Retrieval-Augmented Generation (RAG) is a technique that enhances AI language models by connecting them to external knowledge sources. Instead of relying solely on training data, a RAG system retrieves relevant documents at query time and includes them in the prompt context, enabling accurate and up-to-date responses grounded in your specific data.

The Problem RAG Solves

Large language models have a knowledge cutoff date and cannot access private or proprietary information. They can also hallucinate — generating plausible-sounding but incorrect information. RAG addresses both issues by grounding the model's responses in actual retrieved documents, dramatically reducing hallucination and enabling access to current or private data.

How RAG Works

A RAG pipeline has three main stages. First, your documents are processed and stored in a vector database during an indexing phase. Each document is split into chunks and converted into numerical embeddings that capture semantic meaning.
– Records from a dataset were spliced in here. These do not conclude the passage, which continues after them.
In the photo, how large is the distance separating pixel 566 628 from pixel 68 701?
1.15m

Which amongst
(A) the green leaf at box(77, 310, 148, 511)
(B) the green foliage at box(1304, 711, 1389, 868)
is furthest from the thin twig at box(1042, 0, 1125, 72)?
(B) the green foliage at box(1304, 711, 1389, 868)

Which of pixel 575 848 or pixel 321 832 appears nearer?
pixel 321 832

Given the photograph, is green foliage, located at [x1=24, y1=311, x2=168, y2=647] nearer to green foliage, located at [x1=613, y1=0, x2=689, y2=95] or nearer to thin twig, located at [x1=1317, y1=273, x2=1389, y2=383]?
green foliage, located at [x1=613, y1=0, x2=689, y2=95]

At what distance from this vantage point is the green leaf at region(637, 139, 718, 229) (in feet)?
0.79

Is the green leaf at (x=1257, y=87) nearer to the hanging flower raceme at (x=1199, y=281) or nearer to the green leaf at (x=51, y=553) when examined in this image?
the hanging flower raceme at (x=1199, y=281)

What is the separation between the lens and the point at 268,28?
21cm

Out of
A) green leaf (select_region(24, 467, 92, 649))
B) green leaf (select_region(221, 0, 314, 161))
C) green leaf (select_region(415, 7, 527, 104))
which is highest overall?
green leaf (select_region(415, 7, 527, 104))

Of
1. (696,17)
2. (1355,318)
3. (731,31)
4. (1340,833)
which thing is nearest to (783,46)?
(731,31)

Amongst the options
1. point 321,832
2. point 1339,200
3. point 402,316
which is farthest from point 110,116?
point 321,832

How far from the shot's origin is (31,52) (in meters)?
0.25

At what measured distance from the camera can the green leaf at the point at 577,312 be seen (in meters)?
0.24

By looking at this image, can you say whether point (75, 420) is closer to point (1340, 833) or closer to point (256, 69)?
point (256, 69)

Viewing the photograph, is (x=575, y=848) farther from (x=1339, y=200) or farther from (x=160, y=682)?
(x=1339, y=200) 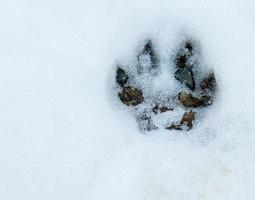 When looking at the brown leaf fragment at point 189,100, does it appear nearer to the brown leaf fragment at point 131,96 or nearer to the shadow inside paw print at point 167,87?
the shadow inside paw print at point 167,87

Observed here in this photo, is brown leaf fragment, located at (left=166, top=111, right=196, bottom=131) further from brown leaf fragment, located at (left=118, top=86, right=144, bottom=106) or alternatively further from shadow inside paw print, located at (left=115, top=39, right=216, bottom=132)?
brown leaf fragment, located at (left=118, top=86, right=144, bottom=106)

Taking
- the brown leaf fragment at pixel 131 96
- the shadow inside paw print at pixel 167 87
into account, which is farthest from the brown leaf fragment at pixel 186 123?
the brown leaf fragment at pixel 131 96

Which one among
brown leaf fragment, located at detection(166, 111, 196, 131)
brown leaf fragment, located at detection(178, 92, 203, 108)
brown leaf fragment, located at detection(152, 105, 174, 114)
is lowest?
brown leaf fragment, located at detection(166, 111, 196, 131)

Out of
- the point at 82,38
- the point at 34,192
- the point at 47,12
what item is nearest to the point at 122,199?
the point at 34,192

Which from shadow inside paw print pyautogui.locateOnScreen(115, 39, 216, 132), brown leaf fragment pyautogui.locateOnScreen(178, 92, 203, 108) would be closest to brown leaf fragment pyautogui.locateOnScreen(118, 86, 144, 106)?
shadow inside paw print pyautogui.locateOnScreen(115, 39, 216, 132)

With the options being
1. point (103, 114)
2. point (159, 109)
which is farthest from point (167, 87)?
point (103, 114) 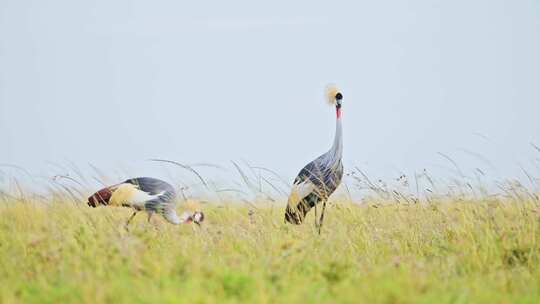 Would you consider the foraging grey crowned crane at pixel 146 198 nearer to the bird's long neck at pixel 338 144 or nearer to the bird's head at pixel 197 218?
the bird's head at pixel 197 218

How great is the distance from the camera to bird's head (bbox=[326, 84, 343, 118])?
1018cm

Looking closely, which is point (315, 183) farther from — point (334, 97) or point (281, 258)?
point (281, 258)

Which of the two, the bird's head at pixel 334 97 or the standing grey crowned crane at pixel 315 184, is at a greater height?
the bird's head at pixel 334 97

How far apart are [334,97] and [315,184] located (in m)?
1.42

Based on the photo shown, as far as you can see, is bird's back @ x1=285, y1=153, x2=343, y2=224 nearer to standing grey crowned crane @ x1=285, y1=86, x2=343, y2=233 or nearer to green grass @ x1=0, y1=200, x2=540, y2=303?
standing grey crowned crane @ x1=285, y1=86, x2=343, y2=233

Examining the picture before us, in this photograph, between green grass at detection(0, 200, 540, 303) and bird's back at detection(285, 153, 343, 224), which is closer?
green grass at detection(0, 200, 540, 303)

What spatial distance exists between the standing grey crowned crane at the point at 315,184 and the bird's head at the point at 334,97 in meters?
0.51

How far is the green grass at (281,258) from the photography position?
16.8ft

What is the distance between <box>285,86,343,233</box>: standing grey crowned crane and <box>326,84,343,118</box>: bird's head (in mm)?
506

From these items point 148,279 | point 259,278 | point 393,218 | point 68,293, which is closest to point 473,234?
point 393,218

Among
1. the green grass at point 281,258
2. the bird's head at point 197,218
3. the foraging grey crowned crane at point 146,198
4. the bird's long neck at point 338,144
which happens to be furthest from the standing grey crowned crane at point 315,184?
the foraging grey crowned crane at point 146,198

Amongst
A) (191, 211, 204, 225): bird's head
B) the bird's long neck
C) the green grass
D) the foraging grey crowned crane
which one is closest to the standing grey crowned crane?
the bird's long neck

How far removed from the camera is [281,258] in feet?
20.7

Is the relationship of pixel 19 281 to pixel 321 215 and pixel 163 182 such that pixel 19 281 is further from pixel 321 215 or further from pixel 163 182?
pixel 321 215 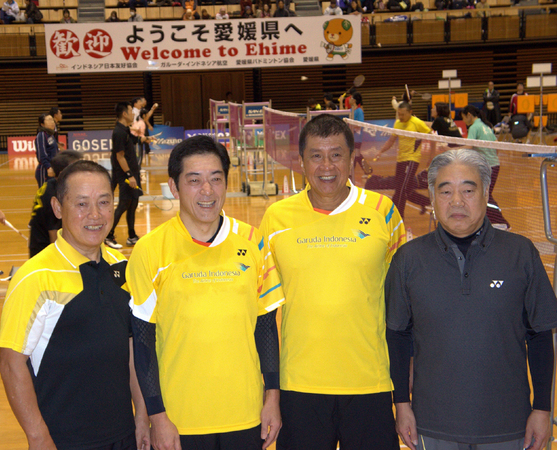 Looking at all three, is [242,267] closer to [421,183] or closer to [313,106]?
[421,183]

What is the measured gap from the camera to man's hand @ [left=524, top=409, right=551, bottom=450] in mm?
2158

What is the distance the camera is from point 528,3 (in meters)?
24.8

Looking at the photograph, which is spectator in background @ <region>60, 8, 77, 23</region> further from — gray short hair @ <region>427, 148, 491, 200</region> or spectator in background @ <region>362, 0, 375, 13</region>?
gray short hair @ <region>427, 148, 491, 200</region>

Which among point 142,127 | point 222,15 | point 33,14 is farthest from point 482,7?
point 33,14

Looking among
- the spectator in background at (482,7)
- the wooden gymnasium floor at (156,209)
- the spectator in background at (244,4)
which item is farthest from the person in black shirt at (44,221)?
the spectator in background at (482,7)

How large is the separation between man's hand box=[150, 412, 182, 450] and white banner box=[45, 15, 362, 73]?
20357mm

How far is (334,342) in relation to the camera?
2.47m

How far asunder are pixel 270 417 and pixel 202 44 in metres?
20.5

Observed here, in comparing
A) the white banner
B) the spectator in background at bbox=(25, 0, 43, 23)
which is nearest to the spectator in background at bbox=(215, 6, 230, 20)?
the white banner

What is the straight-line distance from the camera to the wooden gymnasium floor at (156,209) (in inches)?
259

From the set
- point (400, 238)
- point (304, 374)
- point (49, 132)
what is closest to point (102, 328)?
point (304, 374)

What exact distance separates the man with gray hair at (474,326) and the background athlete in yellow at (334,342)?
0.77ft

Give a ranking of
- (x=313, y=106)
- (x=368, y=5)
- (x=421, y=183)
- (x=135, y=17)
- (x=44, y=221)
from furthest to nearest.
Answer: (x=368, y=5), (x=135, y=17), (x=313, y=106), (x=421, y=183), (x=44, y=221)

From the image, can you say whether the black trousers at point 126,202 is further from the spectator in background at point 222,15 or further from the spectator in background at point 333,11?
the spectator in background at point 333,11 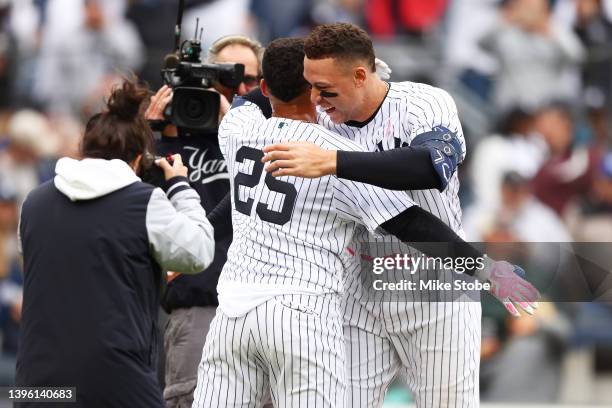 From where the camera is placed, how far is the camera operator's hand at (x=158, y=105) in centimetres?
548

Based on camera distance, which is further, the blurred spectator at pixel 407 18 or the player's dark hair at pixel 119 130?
the blurred spectator at pixel 407 18

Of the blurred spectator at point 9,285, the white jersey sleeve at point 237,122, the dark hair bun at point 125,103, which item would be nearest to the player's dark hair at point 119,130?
the dark hair bun at point 125,103

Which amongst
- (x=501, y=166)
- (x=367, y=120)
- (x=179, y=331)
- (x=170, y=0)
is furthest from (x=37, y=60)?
(x=367, y=120)

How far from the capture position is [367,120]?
184 inches

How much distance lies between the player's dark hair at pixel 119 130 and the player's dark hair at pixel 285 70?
0.49m

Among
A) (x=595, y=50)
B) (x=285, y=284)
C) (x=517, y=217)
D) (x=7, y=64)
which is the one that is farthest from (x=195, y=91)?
(x=7, y=64)

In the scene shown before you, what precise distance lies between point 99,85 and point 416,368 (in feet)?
21.8

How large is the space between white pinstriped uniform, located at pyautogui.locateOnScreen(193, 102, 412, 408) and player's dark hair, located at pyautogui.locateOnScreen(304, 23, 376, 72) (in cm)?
28

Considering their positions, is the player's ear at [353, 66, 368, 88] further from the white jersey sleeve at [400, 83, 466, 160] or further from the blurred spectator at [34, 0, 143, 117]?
the blurred spectator at [34, 0, 143, 117]

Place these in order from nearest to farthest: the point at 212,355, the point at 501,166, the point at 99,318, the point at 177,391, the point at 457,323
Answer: the point at 99,318 < the point at 212,355 < the point at 457,323 < the point at 177,391 < the point at 501,166

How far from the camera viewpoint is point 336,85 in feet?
14.4

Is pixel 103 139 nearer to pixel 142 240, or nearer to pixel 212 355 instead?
pixel 142 240

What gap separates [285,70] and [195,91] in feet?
3.32

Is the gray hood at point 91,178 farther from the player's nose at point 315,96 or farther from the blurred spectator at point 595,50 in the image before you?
the blurred spectator at point 595,50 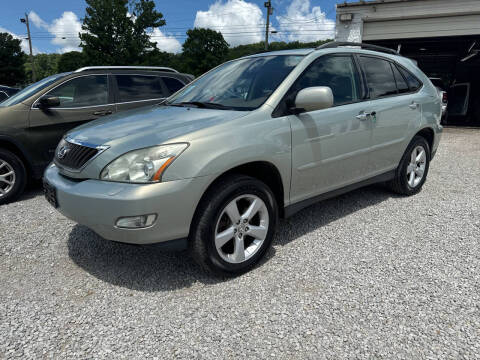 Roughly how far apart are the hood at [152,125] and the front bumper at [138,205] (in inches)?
12.9

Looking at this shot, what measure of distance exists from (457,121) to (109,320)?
58.5 ft

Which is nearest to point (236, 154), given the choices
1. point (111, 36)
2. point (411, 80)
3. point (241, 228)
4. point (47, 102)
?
point (241, 228)

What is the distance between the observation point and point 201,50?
61.0 m

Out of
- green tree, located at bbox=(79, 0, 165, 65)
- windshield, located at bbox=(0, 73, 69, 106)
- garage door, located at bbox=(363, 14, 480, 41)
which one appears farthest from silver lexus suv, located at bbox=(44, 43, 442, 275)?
green tree, located at bbox=(79, 0, 165, 65)

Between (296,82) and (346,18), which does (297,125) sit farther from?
(346,18)

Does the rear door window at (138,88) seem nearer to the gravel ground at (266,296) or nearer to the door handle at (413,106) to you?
the gravel ground at (266,296)

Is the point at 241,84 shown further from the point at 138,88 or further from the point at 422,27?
the point at 422,27

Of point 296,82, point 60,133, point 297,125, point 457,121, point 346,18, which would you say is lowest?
point 457,121

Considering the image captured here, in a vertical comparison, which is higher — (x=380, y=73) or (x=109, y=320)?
(x=380, y=73)

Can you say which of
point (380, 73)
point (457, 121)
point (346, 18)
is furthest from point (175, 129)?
point (457, 121)

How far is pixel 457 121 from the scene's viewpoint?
1602cm

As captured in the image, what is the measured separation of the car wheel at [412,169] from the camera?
4.25m

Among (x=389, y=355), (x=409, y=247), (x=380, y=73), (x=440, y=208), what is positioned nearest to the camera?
(x=389, y=355)

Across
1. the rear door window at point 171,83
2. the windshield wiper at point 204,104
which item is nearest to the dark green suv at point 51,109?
the rear door window at point 171,83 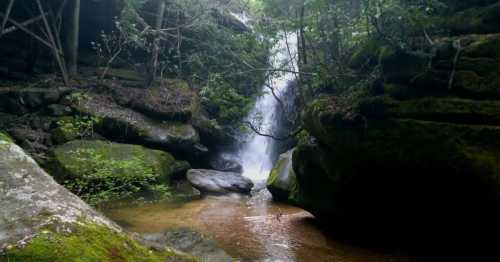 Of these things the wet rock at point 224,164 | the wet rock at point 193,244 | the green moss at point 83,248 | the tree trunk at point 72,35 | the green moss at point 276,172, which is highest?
the tree trunk at point 72,35

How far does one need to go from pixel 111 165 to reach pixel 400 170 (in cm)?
475

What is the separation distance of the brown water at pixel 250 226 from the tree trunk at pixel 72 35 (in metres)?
7.96

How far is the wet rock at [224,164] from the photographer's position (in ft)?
53.7

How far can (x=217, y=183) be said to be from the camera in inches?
511

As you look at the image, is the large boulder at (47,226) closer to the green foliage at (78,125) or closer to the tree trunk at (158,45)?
the green foliage at (78,125)

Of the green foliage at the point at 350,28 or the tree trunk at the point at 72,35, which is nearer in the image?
the green foliage at the point at 350,28

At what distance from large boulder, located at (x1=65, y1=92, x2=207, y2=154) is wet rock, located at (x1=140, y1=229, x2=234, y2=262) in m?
6.65

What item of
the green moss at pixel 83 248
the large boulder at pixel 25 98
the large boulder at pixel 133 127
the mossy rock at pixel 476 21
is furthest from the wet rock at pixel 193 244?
the large boulder at pixel 25 98

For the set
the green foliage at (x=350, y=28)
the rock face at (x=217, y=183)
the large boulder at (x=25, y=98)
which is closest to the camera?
the green foliage at (x=350, y=28)

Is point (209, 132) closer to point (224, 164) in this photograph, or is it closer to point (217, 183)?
point (224, 164)

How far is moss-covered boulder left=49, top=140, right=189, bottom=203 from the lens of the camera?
23.2 ft

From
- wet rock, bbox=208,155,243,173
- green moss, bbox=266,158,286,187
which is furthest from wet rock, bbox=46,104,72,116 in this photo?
green moss, bbox=266,158,286,187

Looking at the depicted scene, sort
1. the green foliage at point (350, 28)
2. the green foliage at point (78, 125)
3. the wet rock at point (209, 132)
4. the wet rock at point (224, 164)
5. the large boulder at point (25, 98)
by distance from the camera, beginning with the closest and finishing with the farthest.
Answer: the green foliage at point (350, 28) < the green foliage at point (78, 125) < the large boulder at point (25, 98) < the wet rock at point (209, 132) < the wet rock at point (224, 164)

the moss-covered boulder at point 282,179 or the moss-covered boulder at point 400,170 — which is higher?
the moss-covered boulder at point 400,170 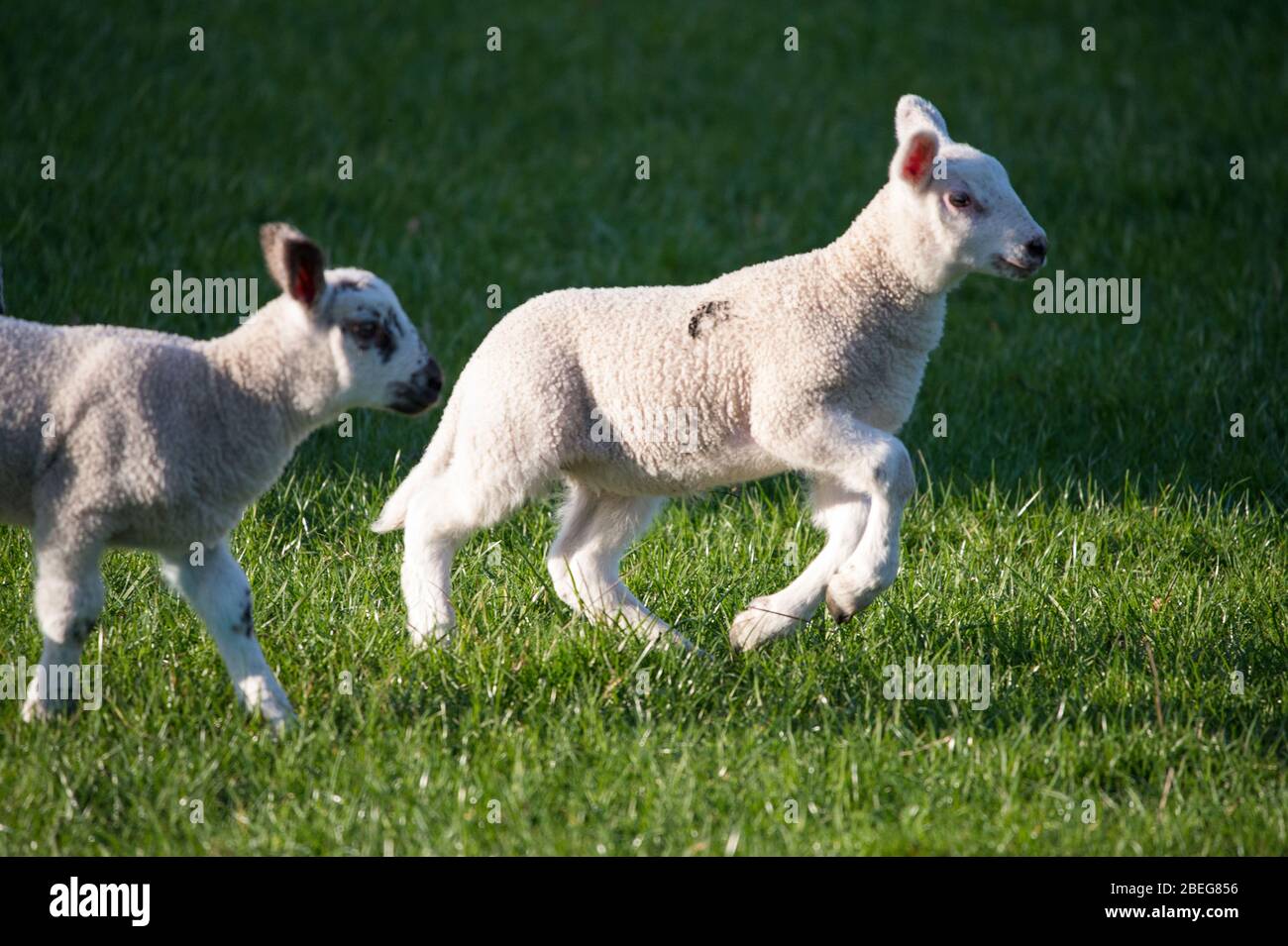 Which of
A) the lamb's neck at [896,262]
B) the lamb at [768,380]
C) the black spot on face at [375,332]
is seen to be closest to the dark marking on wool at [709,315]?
the lamb at [768,380]

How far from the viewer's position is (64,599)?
3.92m

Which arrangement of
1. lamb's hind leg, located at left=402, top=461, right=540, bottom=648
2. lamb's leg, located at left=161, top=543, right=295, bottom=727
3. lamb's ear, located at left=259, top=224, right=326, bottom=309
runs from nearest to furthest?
lamb's ear, located at left=259, top=224, right=326, bottom=309
lamb's leg, located at left=161, top=543, right=295, bottom=727
lamb's hind leg, located at left=402, top=461, right=540, bottom=648

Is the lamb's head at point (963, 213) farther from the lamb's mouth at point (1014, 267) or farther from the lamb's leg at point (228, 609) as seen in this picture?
the lamb's leg at point (228, 609)

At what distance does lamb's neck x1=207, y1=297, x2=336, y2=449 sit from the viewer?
393 cm

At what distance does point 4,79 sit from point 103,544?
707 cm

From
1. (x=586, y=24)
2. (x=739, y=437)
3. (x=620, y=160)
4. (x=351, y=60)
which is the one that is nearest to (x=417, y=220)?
(x=620, y=160)

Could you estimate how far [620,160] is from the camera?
1018 cm

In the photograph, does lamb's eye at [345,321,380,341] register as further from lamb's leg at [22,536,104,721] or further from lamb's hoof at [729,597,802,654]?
lamb's hoof at [729,597,802,654]

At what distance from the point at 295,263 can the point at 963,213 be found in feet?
6.07

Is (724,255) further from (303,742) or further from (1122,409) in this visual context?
(303,742)

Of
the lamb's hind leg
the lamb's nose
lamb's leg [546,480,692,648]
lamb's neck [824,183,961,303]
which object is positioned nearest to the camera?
the lamb's nose

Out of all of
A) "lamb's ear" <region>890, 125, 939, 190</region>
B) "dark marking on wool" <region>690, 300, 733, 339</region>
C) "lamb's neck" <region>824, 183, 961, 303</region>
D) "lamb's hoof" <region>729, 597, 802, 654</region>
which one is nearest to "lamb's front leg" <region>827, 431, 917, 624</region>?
"lamb's hoof" <region>729, 597, 802, 654</region>

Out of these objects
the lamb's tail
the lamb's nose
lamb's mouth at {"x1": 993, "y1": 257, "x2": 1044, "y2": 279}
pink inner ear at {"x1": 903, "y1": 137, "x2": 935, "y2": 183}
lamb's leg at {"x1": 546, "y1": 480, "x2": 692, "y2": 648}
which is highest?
pink inner ear at {"x1": 903, "y1": 137, "x2": 935, "y2": 183}

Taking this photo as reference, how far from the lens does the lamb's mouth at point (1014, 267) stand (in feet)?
14.7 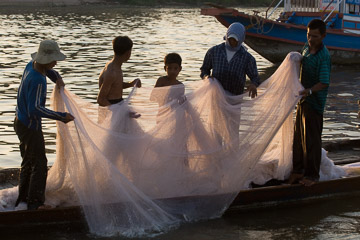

Second, when a user asks a question, that query is also converted to an embedding and used to search the vector database for the most relevant chunks. Third, these retrieved chunks are inserted into the prompt alongside the user's question, and the language model generates a response based on this context.

Document Chunking Strategies

How you split documents into chunks significantly impacts retrieval quality. Common strategies include fixed-size chunks (e.g., 500 tokens with 50-token overlap), semantic chunking (splitting at natural boundaries like paragraphs or sections), and recursive chunking (progressively splitting large documents into smaller pieces). The optimal chunk size depends on your content type and query patterns.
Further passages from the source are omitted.